Sie waren nie auf einem Fuß­ball­in­ternat. 
Nach der Schule habe ich eine Lehre als Kfz-Mecha­tro­niker gemacht. Ich hab von 8 bis 16 Uhr dort gear­beitet. Um 16:16 Uhr kam mein Zug, um 17:30 Uhr wurde ich am Bahnhof Karls­ruhe vom KSC abge­holt, um 18:15 Uhr begann das Trai­ning, um 20 Uhr waren wir fertig. Der Zug nach Hause ging um 21:11 Uhr. Die Zeiten weiß ich noch genau, weil ich das täg­lich gemacht habe. Um 22:30 Uhr war ich dann zu Hause. Da waren meine Eltern schon fix und foxi und haben gepennt. Mama hatte mir in der Küche was zu essen bereit gestellt, das habe ich ver­schlungen. Und danach bin ich oft noch eine Runde zum Laufen in den Wald gegangen. 

Mit Gewichten an den Füßen …
Manchmal wirk­lich! Mein großer Bruder lag im Bett und hat gefragt: Spinnst du eigent­lich? Das war mir egal. Papa und Mama haben gar nichts gemerkt, die mussten um 5 Uhr auf­stehen.

Ihr Vater kam als Gast­ar­beiter aus Sizi­lien nach Pforz­heim. Wie war die Stim­mung daheim?
Ich hatte eine wahn­sinnig glück­liche Kind­heit. Meine Eltern haben alles für mich gemacht. Klar, wir hatten nicht viel. Wir drei Jungs haben zu dritt in einem Zimmer geschlafen. Wir mussten auf unser Geld auf­passen. Als Papa aus Naro nach Deutsch­land kam, hatte er fast nichts. Er arbeitet jetzt seit 30 Jahren in der­selben Firma, die stellen Auto­teile her. Mama ist in einem Büro tätig. Zu Hause lief der Fern­seher auf Ita­lie­nisch.

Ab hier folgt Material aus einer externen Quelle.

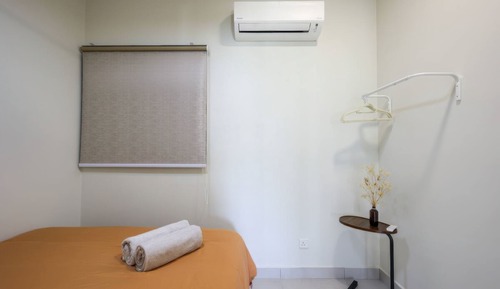 Apartamento superior, 3 habitaciones, balcón, vistas a la ciudad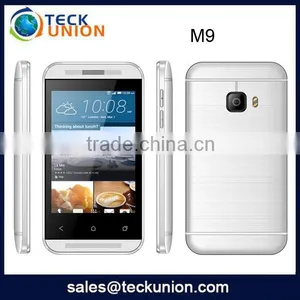 M9 3.5inch Small Touch Phone Loud Speaker Low Price Low Cost Cellphone thumbnail-1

Drei Brüder in einem Zimmer. 
Wenn der eine Play­sta­tion spielen wollte, musste der andere halt mal kurz Pause machen. Klar, da flogen die Fetzen. Aber Fami­li­en­bande stehen für uns über allem. 

Bevor Sie zum KSC gingen, kickten Sie beim CFR Pforz­heim. An eine Saison müssten Sie sich beson­ders erin­nern.
In der A‑Jugend hab ich in einer Saison 53 Tore gemacht. Im Pokal­halb­fi­nale haben wir gegen Hof­fen­heim gespielt, mit Davie Selke, Jonas Hof­mann, Niklas Süle. Gegen uns, die Pforz­heimer Kanaken. Da kriege ich heute noch eine Gän­se­haut.

Was ist pas­siert?
Wir haben in einem Kaff nahe Pforz­heim gespielt, Neibs­heim bei Bretten. Der Sport­platz war ram­mel­voll. Unge­logen! Da waren 250 Pforz­heimer allein wegen mir. Alle meine Jungs, die Familie sowieso. Die Stim­mung war bom­bas­tisch, alle waren am Aus­rasten. Wir lagen 0:2 hinten, haben das 2:2 gemacht, das 3:2, die machen das 3:3, das 3:4, dann schießen wir kurz vor Schluss das 4:4. Ich habe drei Buden gemacht und eine vor­be­reitet, an dem Tag hat alles geklappt. Nach dem Aus­gleichstor hab ich mein Trikot aus­ge­zogen.